Morris Loveman, for appellant.

Rudulph & Huddleston, for appellee.

TYSON J.

It is thoroughly settled in this state that when a person contracts to perform personal services for another for a specified term at stipulated wages, and is discharged, without fault on her part, before the expiration of the term, she may treat the contract as broken and at an end, and immediately sue and recover all the damages she may have sustained up to the time of the trial. But she is not compelled to accept the breach of her employer as a termination of the contract. She may elect to treat it as continuing, and keep herself in readiness to perform the contract on her part. Davis v Ayres, 9 Ala. 292; Martin v. Everett, 11 Ala. 375; Ramey v. Holcombe, 21 Ala. 567; Fowler v.
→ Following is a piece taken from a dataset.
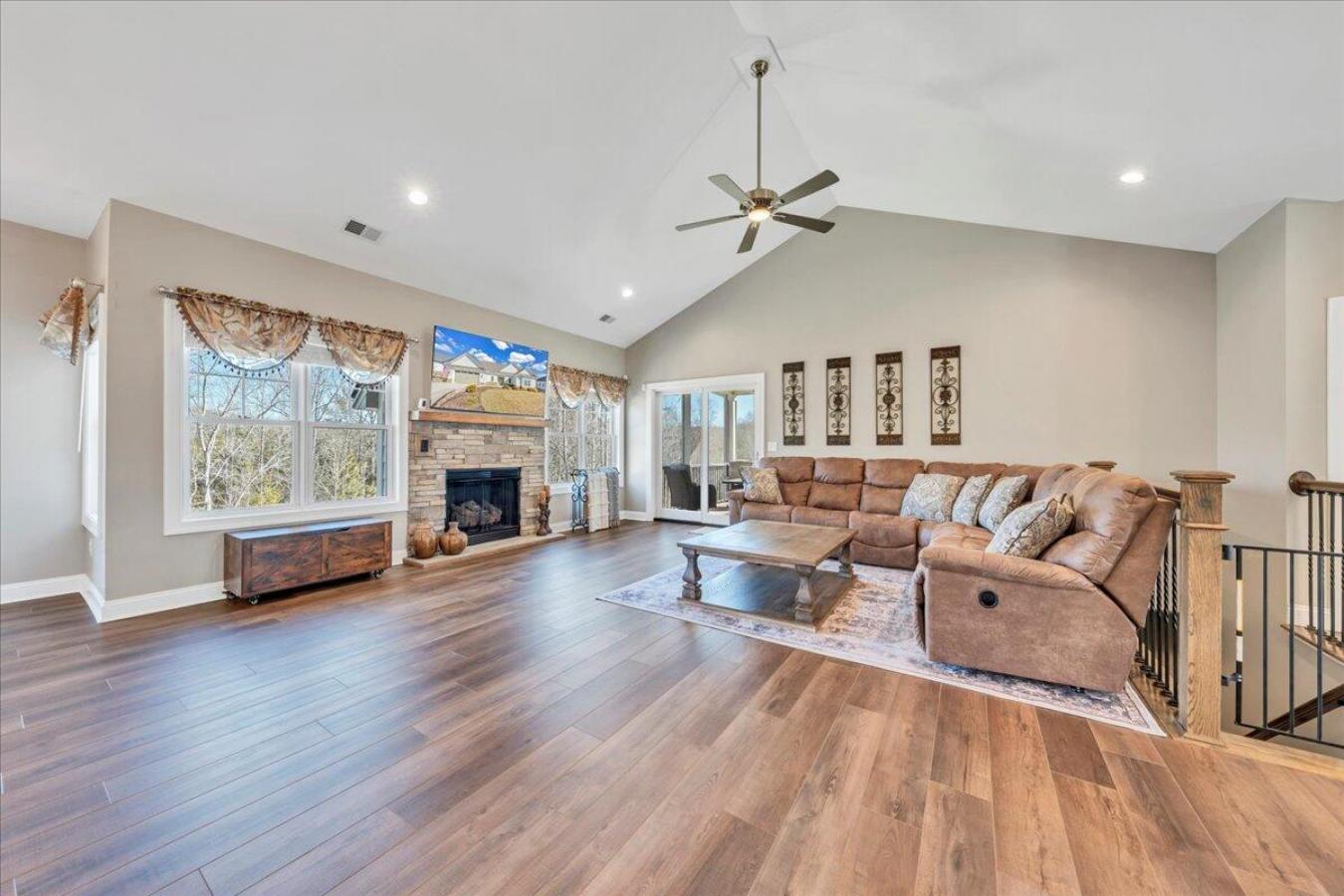 Huddleston, Virginia, 24104, United States, 4 Bedrooms Bedrooms, ,3 BathroomsBathrooms,Residential,For Sale,1831682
Armour, 24 Ala. 194; Strauss v. Meertief, 64 Ala. 299, 38 Am. Rep. 8; Holloway v. Talbot, 70 Ala. 389; Wilkinson v. Black, 80 Ala. 329; Mining Co. v. Knox, 96 Ala. 320, 11 So. 207. It will be noted that in the case under consideration the plaintiff counts alone on a breach of the contract, treating it as broken by defendant and at an end. The complaint contains only one count, and there is no recognition of the continuing existence of the contract,--no attempt to recover upon it as such, or for wages on account of constructive services rendered under it; but, as we have said, it is...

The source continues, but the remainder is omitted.